# PROBLEM
Copy verbatim the span of lines beginning at the line that contains "GreenSpring dispatch board" and ending with the final line of the data. Exclude pictures from the copy.

*** GIVEN RECORDS ***

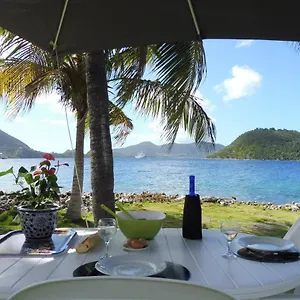  Hébergement de vacances Anolis Face A La A 2 Min De La Plage. Guadeloupe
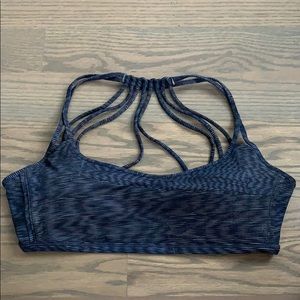 Lululemon Lighten Up Bra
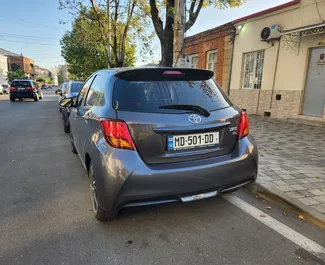 Aluguel de carro Toyota Yaris 2016 na Geórgia, com ✓ combustível Gasolina e 120 cavalos de potência ➤ A partir de 90 GEL por dia.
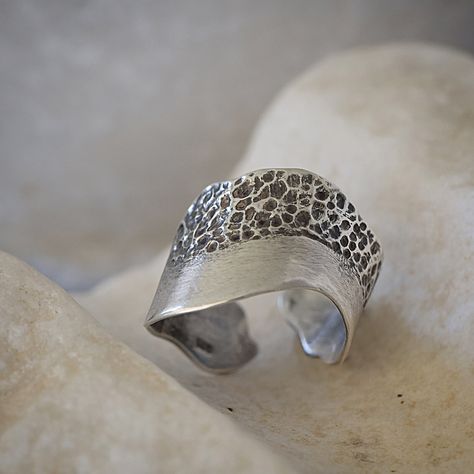 Handmade hammered and oxidized silver ring, that follows a wave outline. Adjustable Wave Outline, Silver Hammered Ring, Hammered Gold Ring, Hammered Silver Jewelry, Oxidized Silver Rings, Collection Ideas, Hammered Silver Ring, Carved Ring, Wide Band Ring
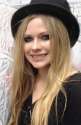 Avril_Lavigne,_Today_Show,_2013.jpg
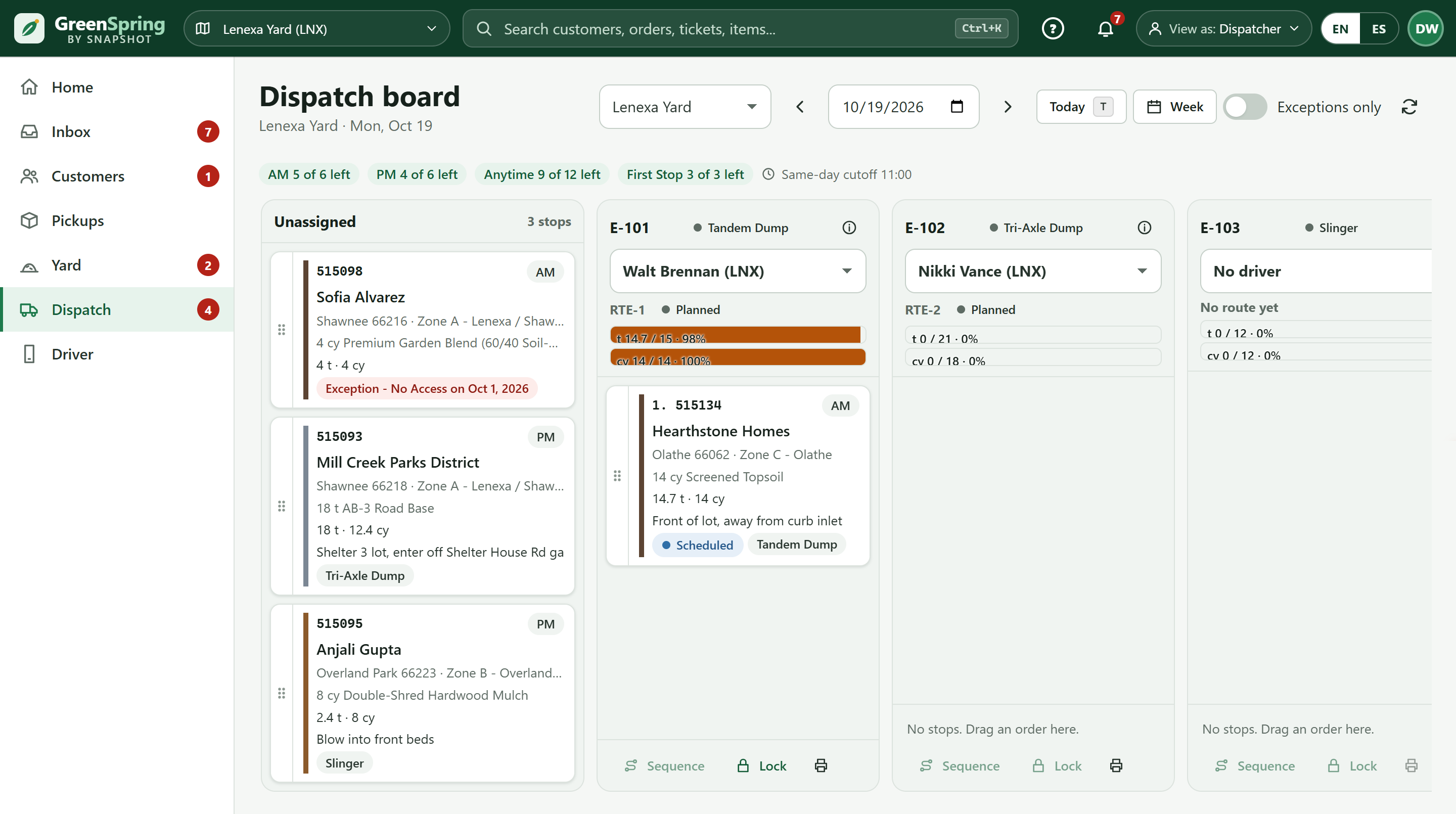 GreenSpring dispatch board showing unassigned delivery stops and trucks with capacity bars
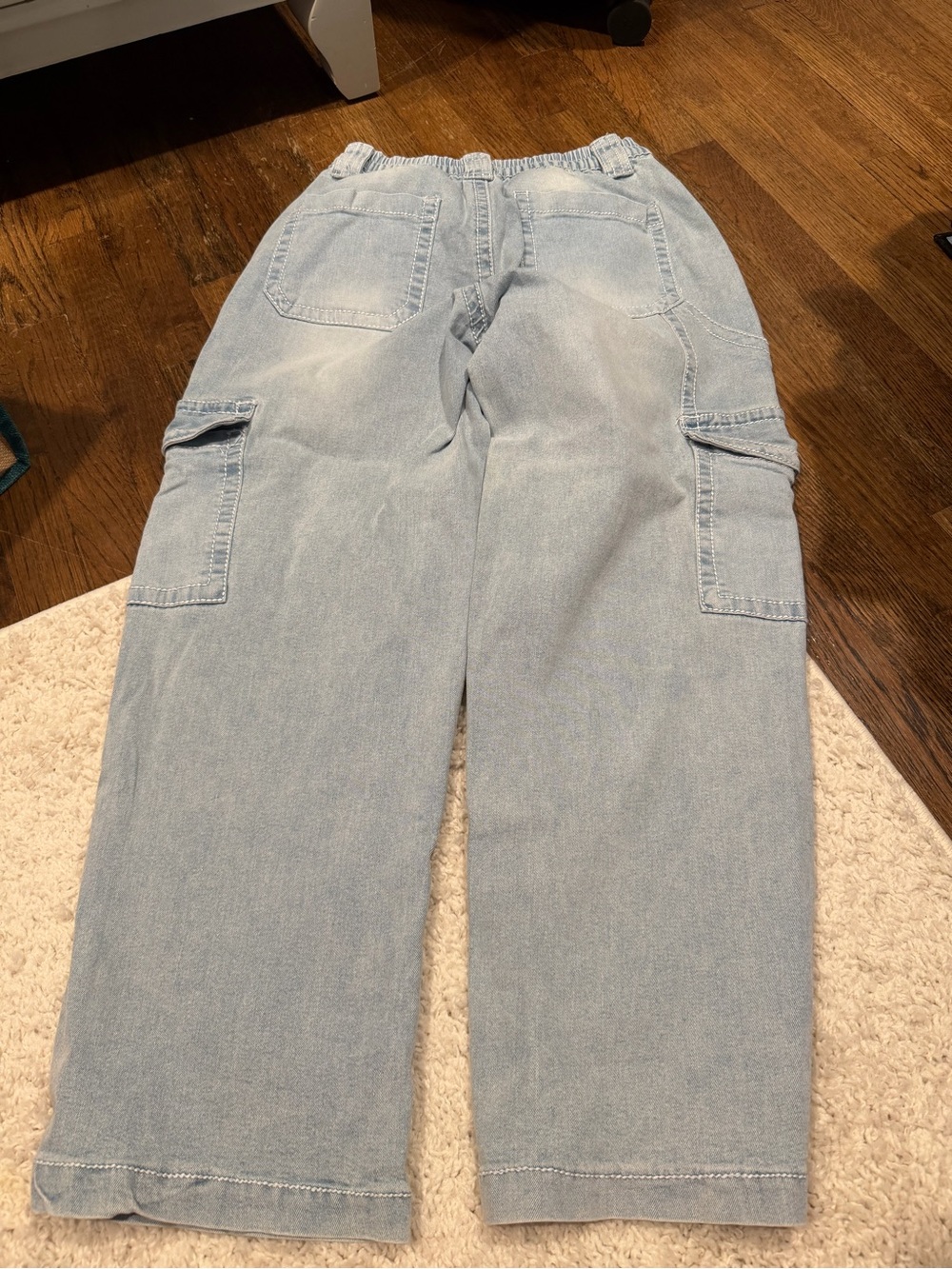 Jeans - Picture 2 of 3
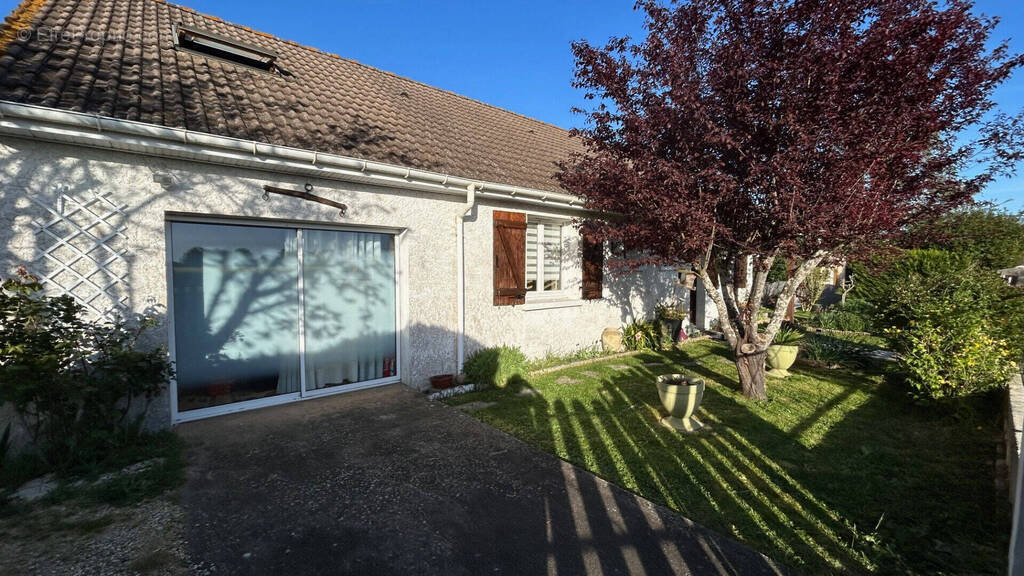 Maison à VINEUIL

*** End of GIVEN RECORDS ***

# ANSWER BOX
 GreenSpring dispatch board showing unassigned delivery stops and trucks with capacity bars
 Jeans - Picture 2 of 3
 Maison à VINEUIL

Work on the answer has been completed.